Photo : Procès de cochon tel qu’imaginé au XIXe siècle. The book of days: a miscellany of popular antiquities. 1869

(Par Marie-Claude Duchesne)

Nous en sommes en 1386, à Falaise, en Normandie. Après 9 jours de procès, le tribunal judiciaire prononce la sentence. L’accusée est déclarée coupable d’infanticide. Vêtue d’habits d’homme, elle sera trainée à travers les faubourgs, conduite à la potence, pendue et brulée. La coupable : une truie. Nobles et paysans sont invités à assister à l’exécution en compagnie d’une multitude de cochons. Car cela doit servir d’exemple aux bêtes !

Entre le XIIIe et le XVIIe siècle, on verra l’apparition de procès d’animaux en Europe. Et ce ne sont pas des farces ! Lors d’incidents « criminels » impliquant les animaux, juges et magistrats seront mobilisés. Les tribunaux traiteront ces affaires le plus sérieusement du monde et en suivant toutes les règles de droit de l’époque. Les cas seront nombreux. En 1512 en Lorraine, un taureau sera condamné à être pendu. En Bourgogne, une truie sera soumise à la torture. Le greffier notera qu’elle a « avoué » un meurtre en faisant quelques « grrr, grrr ». Une autre criminelle sera mise en prison pendant 14 semaines dans l’attente de son procès.
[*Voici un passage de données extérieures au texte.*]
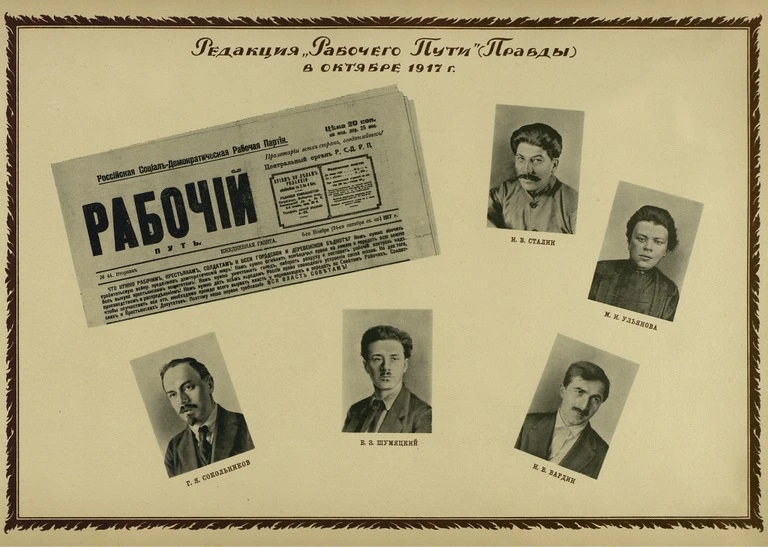 2 октября (19 сентября) 1917 года. 209-й день Февральской революции...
Les tribunaux laïques ne seront pas les seuls à condamner des bêtes. De nombreuses condamnations et excommunications religieuses auront lieu à l’époque. En 1565, un groupe de dauphins s’installa dans le port de Marseille, causant plusieurs dérangements. À la demande du cardinal, l’évêque de la région vint exorciser les cétacés leur ordonnant de partir. « Les bêtes se le tinrent pour dit et ne reparurent plus. » Les vertébrés ne furent pas les seuls visés par ses condamnations religieuses. Mouches, limaces, chenilles et autres créatures ravageant les champs se voyaient régulièrement excommuniées.
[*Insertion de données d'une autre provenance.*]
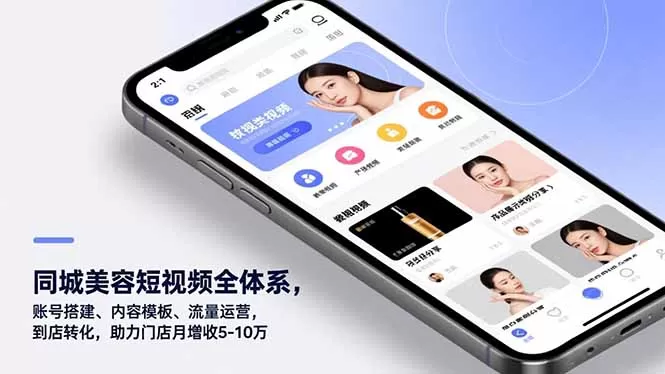 同城美容短视频全体系，账号搭建、内容模板、流量运营，到店转化，助力门店月增收5-10万-鹊桥梦网创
Les cochons furent les plus condamnés, principalement pour infanticide. À l’époque, ceux-ci vivaient en liberté dans toutes les villes et villages où ils servaient d’éboueurs. Animaux charognards qui mangent un peu tout ce qu’ils trouvent, de malheureux incidents impliquant de jeunes enfants étaient relativement fréquents. On croyait à l’époque que les animaux étaient dotés de conscience et qu’ils étaient responsables de leurs actes. C’est pourquoi les propriétaires des animaux n’étaient jamais visés par les procès.

Pourquoi de telles cérémonies ? Parce que ces procédures sont couteuses ! On paie des bourreaux, des avocats, des gardes pour surveiller ces détenus indisciplinés, ainsi que la construction des potences. Parce que les animaux étaient parfois vus comme des « créatures de Dieu », dotés d’une conscience. On ne pouvait les abattre simplement. On devait punir à la manière des hommes. Dans le cas des tribunaux religieux, on s’attaquait seulement aux « fléaux ». Excommunier les animaux nuisibles était une sorte de feu vert à leur extermination. Le plus souvent, toutefois, les procès répondaient aux besoins de vengeance et de justice de la part de la communauté.

Ces pratiques disparurent peu à peu. On cessa de considérer les animaux comme des êtres doté d’une morale… Ces gens du Moyen Âge étaient-ils stupides ? Non. Ils s’expliquaient le monde différemment, avec les connaissances qu’ils possédaient. L’histoire des mentalités nous rappelle que l’on est jamais à l’abris des croyances irrationnelles.